(LISTED ENTRIES Opens)

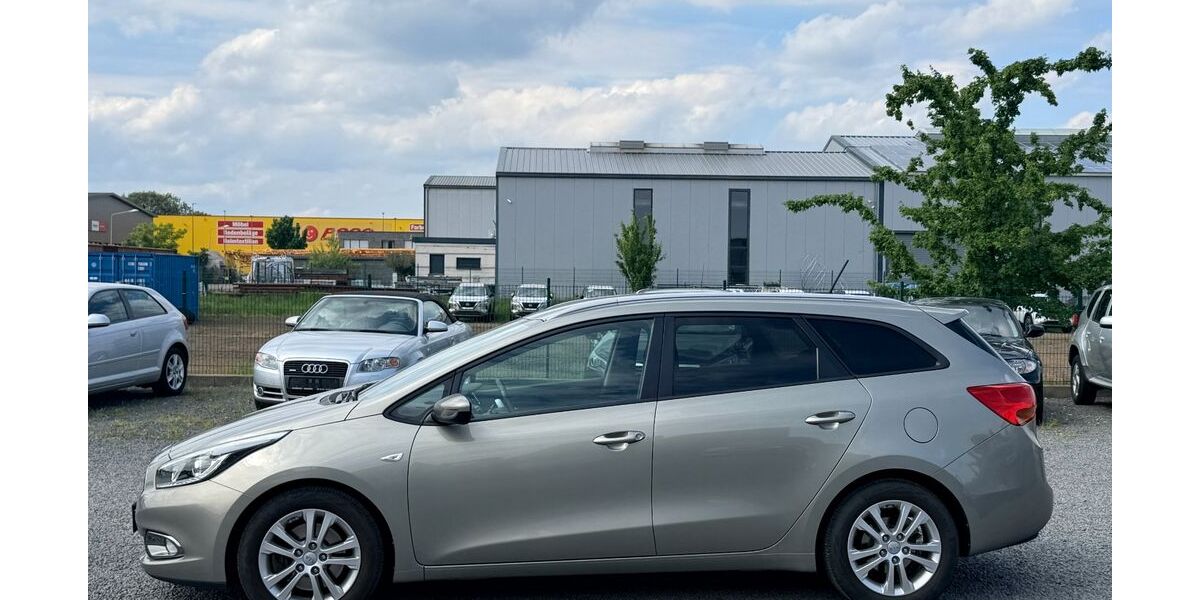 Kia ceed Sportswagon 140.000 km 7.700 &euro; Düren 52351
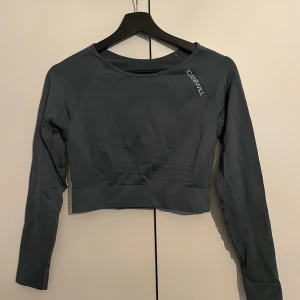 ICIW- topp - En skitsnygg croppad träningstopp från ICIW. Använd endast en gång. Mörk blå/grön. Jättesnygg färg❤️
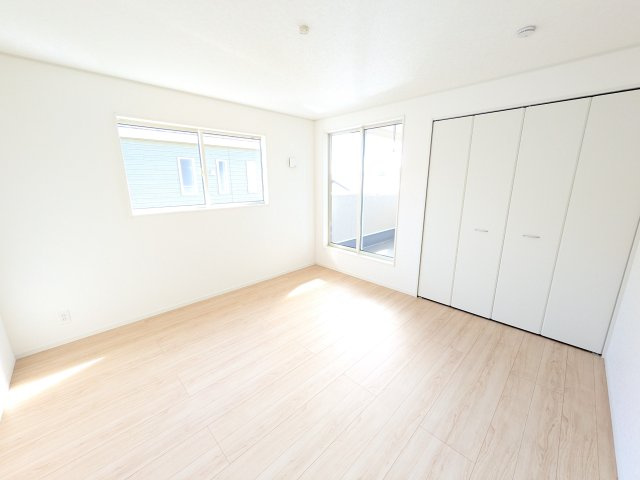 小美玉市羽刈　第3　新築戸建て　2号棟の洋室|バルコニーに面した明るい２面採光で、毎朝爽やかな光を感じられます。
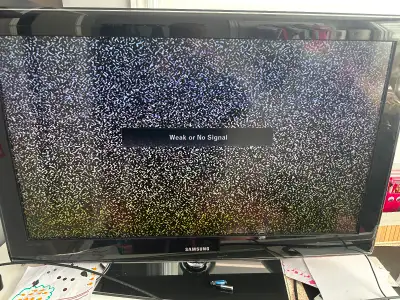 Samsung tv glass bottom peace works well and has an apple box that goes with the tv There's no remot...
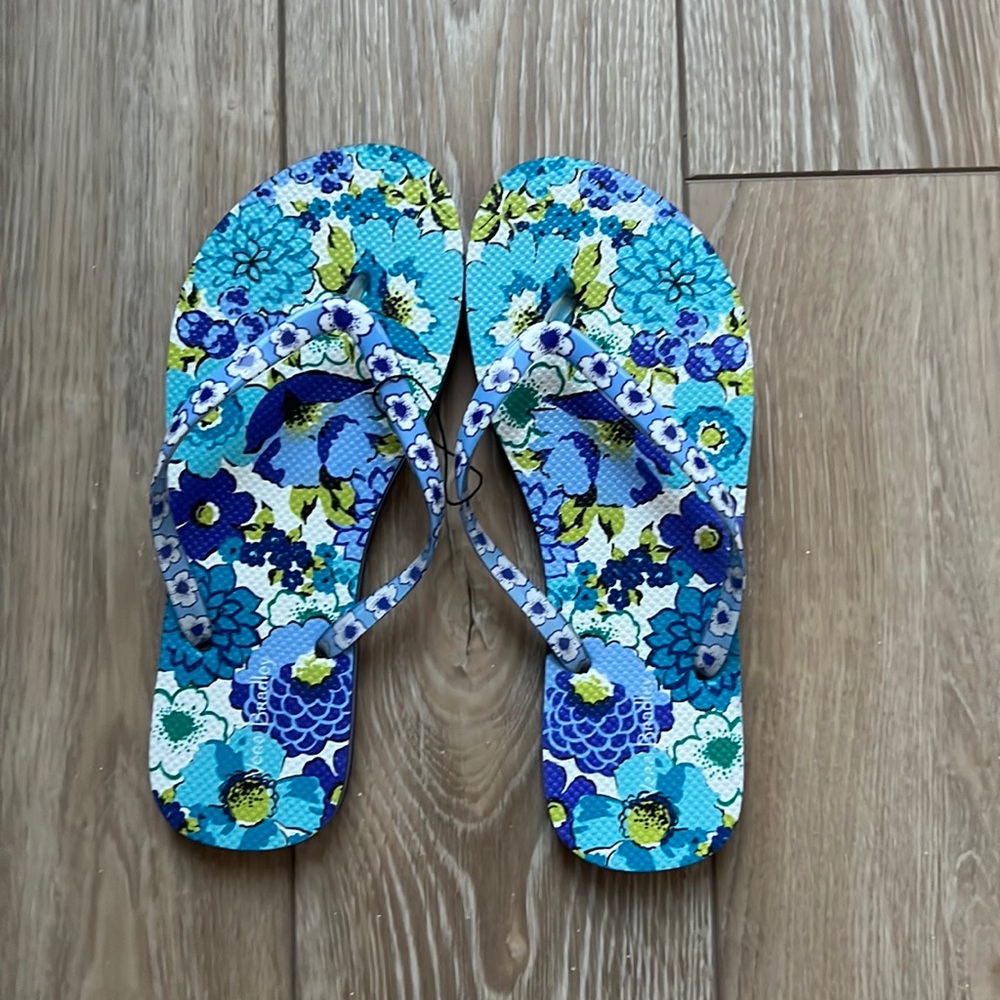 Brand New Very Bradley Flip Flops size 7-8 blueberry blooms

(LISTED ENTRIES Closes)

WHAT THE TASK REQUIRES — When you reach the line containing "Samsung tv glass" in the records above, write out that line and every line after it through the end, exactly, but omit the pictures.

TASK SOLUTION —
 Samsung tv glass bottom peace works well and has an apple box that goes with the tv There's no remot...
 Brand New Very Bradley Flip Flops size 7-8 blueberry blooms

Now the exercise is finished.